As I write this, weather patterns could be changing or maybe not. I can't predict when this latest drought will end if it ever ends at all. Simply, I don't know and nobody else does either.
So lets talk about how this drought might affect the 2015 southern plains severe weather season. Well lets start off by first establishing that on average our severe weather season here in Oklahoma is roughly March 15 - June 15 give or take a 500 mb trough. Off course severe weather happens anytime of year and anytime of day depending on the weather pattern but usually we have a spike in severe weather during our severe weather season in the Spring. There is another smaller spike in severe weather during the Fall. I'm not really a stat guy, but since 1950 Oklahoma averages 54.9 tornadoes a year. If you take the city of Moore out of the equation then it's significantly lower.
Here's how I think the drought might impact the storm season assuming the drought more or less continues through our severe weather season. However, you all know what happens when you assume. If you don't understand then google the 1970s hit television show the Odd Couple or click here. There's no guarantee on the weather. See my post on predictably unpredictable!

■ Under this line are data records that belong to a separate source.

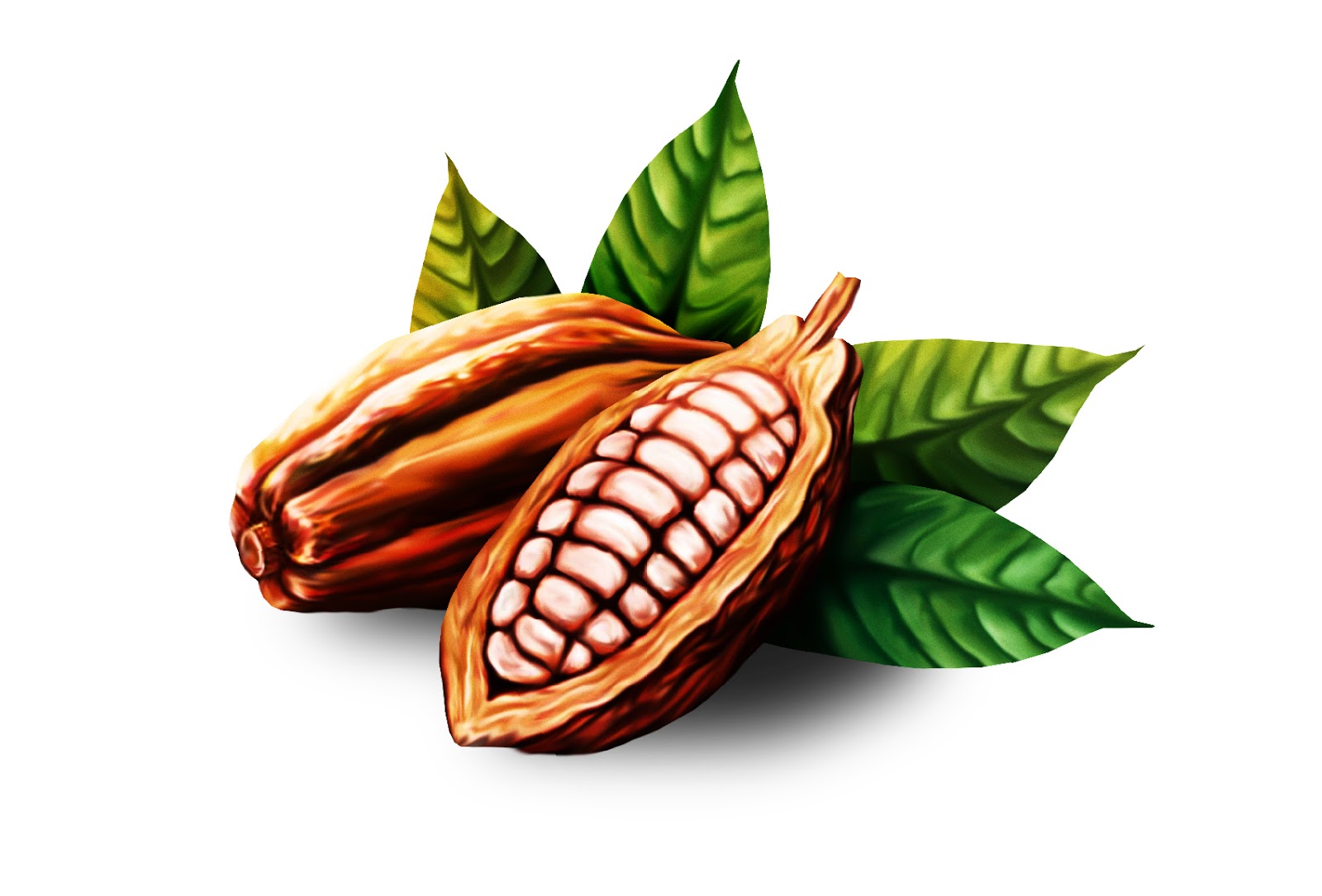 無糖食品包裝設(shè)計(jì)(圖2)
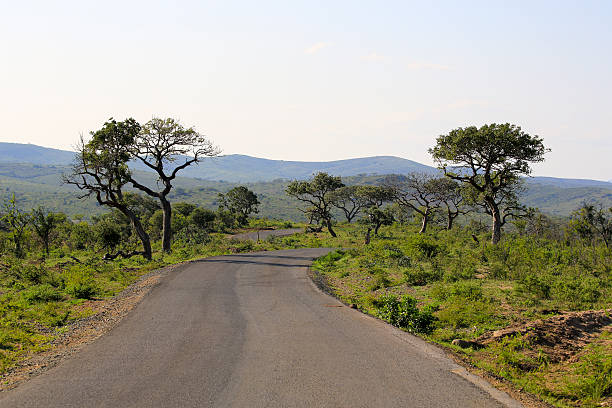 istock Hluhluwe Umfolozi Game Park 578797542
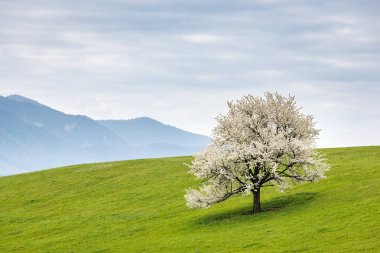 Çiçek açan ağaçlar ve arka planda dağlar olan güzel bahar manzarası. Slovakya, Avrupa 'daki Velka Fatra Milli Parkı.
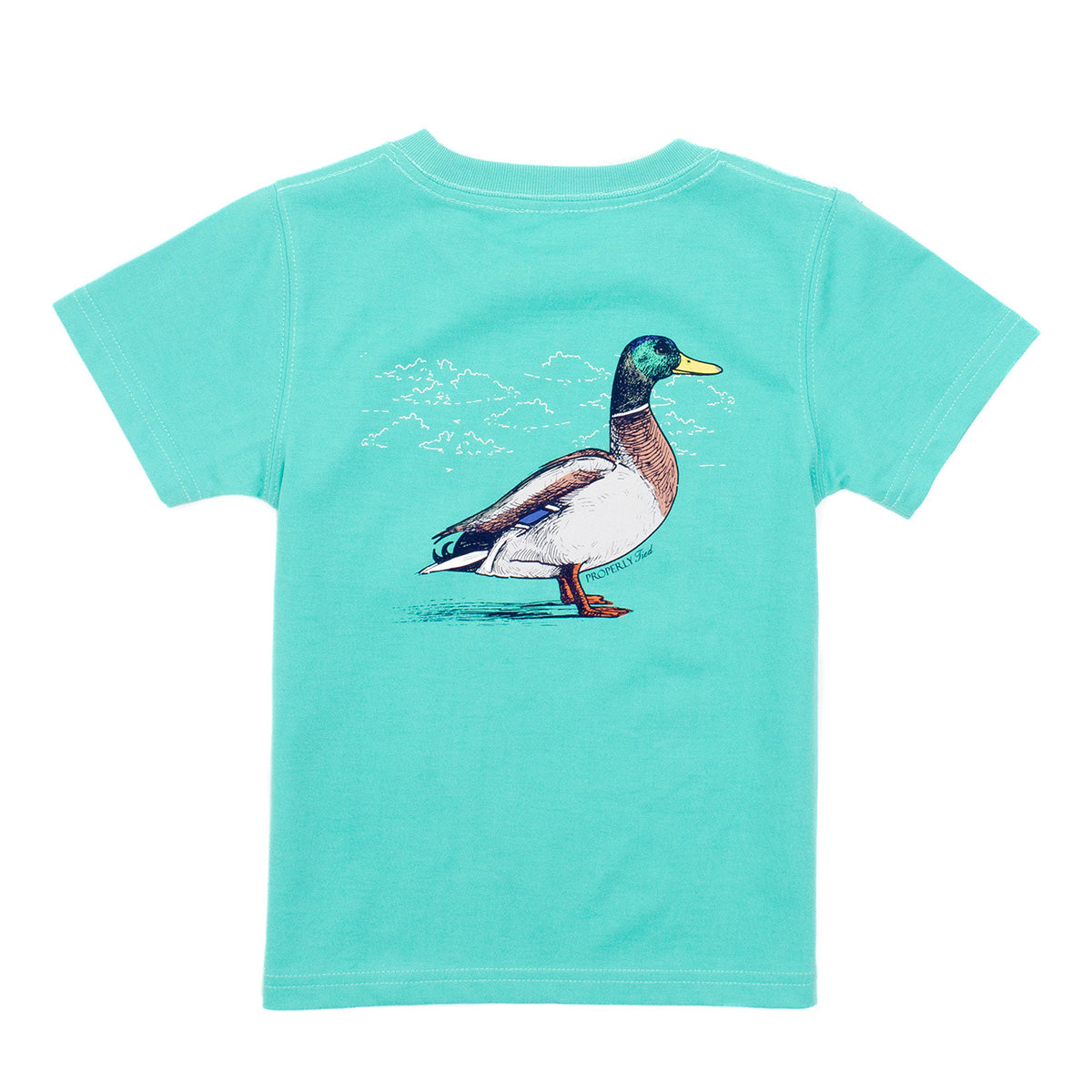 Properly Tied Boy's Duck on Soft Green Tee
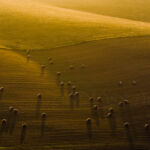 Landscape Photography Workshops South Downs Sussex. Freelance Photographer Brighton.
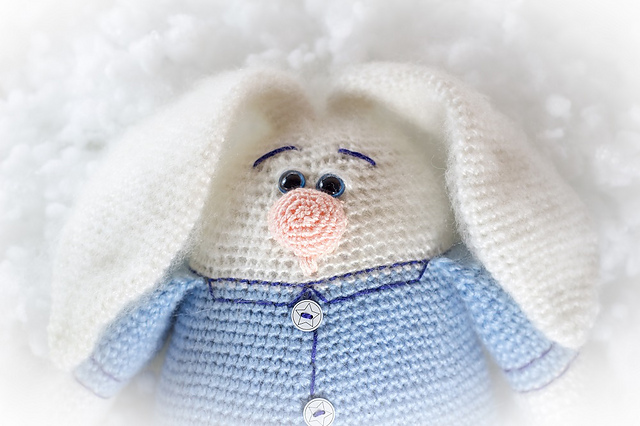 Bunny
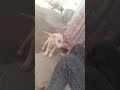 cute puppy 🐕🐶🐾🥺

You can make some obvious conclusions right off the bat. Since we are in a drought then there will be less thunderstorms and less thunderstorms means less severe weather, right? Well, yes and no. You see only the western half of Oklahoma is in drought so that logic doesn't fully apply to the entire state of Oklahoma. I think western Oklahoma is going to have less severe weather chances with less rainfall but the central and eastern parts of Oklahoma may actually have increased severe weather opportunities. Hmmm.

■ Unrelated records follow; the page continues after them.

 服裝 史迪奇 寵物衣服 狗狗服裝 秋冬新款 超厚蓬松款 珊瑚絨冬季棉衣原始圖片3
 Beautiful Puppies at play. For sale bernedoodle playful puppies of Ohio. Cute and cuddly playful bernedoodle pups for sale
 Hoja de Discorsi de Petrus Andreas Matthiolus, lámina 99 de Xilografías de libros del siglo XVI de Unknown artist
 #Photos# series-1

Let me try to explain this. Because the southern western high plains has been in an extended drought the dry line could set up more east compared to non drought years. This subtle shift in the average position of the dry line could have an impact on the amount of severe weather experienced in Oklahoma this year. But more importantly, IMO it will likely have an impact on the location for the best chances for severe weather this year!
The dry line is the boundary between hot dry air to the west and warm moist air to the east. The dry line moves and evolves back and fourth depending on weather patterns that dictate our sensible weather. Many times this is the focus of thunderstorm development and when storms develop near the dry line they move east and producer severe weather. So where the dry line sets up often times determines where the most likely chances for severe weather will occur. Off course the general synoptic weather pattern with upper troughs, surface lows and so on comes into play but all things being equal in a drought Spring the dry line mixes out to the east and may very well set up more across central and eastern Oklahoma compared to western Oklahoma. This would increase the chances for severe weather this Spring in central and eastern Oklahoma and perhaps lessen the threat to the west.

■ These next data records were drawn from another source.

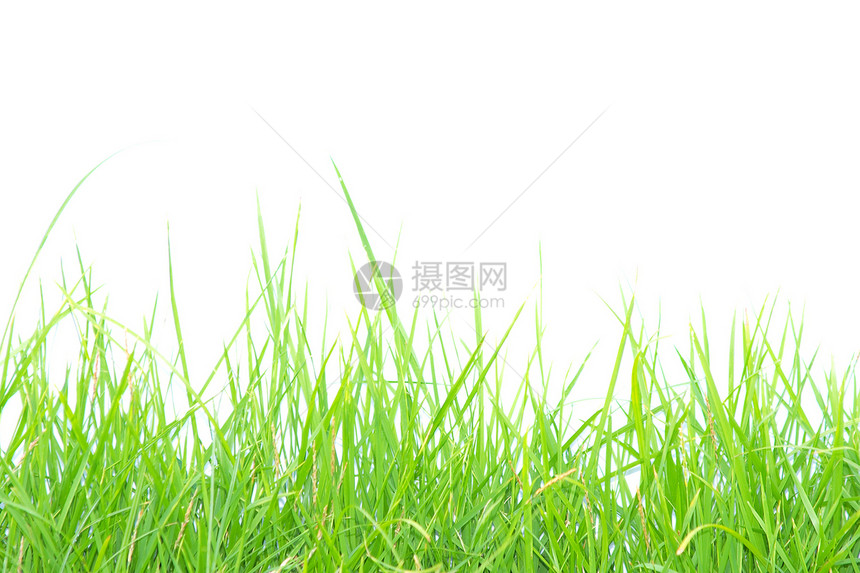 白色背景的孤立绿色草地生长风景晴天墙纸宏观风格季节植物场地生态图片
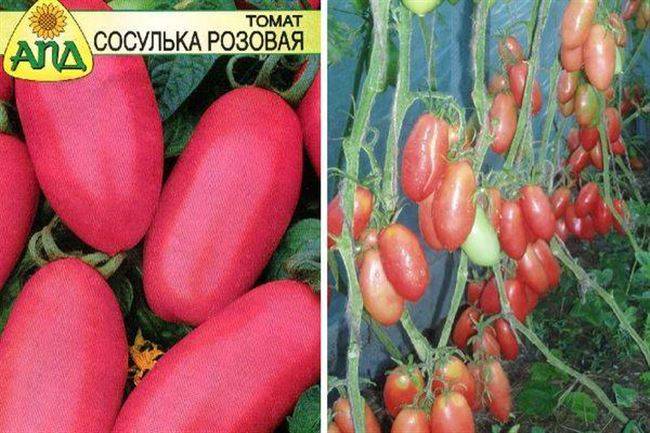 Фото, отзывы, описание, характеристика, урожайность сорта помидора «сосулька розовая».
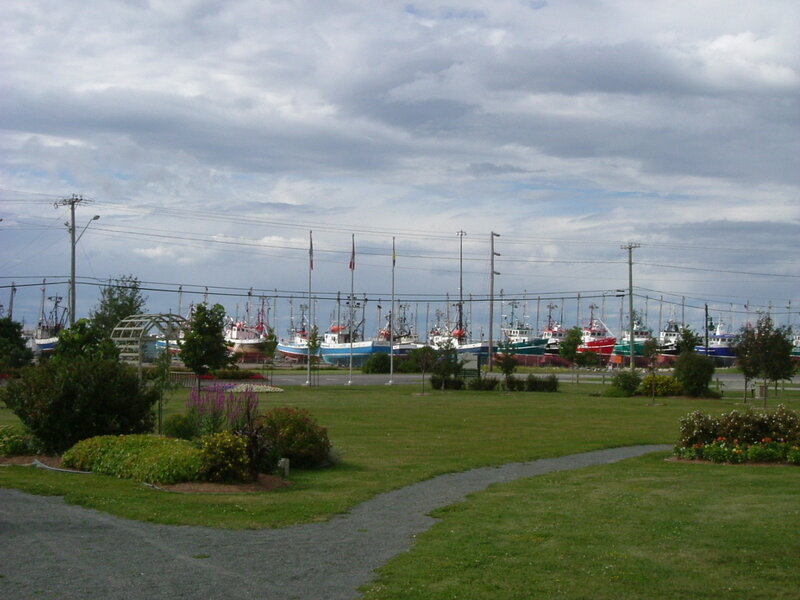 Fishing boats at a harbor
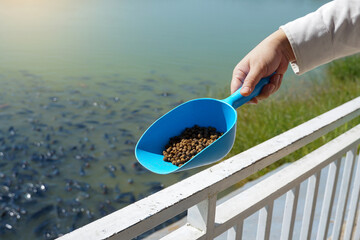 A person's hand holds a scoop of brown fish feed pellets, preparing to scatter them into a pond densely populated with farmed fish. Depicts freshwater aquaculture activity.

However, this is an average forecast!! All I'm saying here is that the dry line on "average" could mix out more east this Spring due to drought and this could increase opportunities for severe weather east and lessen to some degree west. Depending on the over all weather set up obviously there will be rain and severe weather chances out west but on average the dry line might set up more east and this could be a factor this Spring.
That's my take on the 2015 Spring Severe Weather Season. Stay safe folks!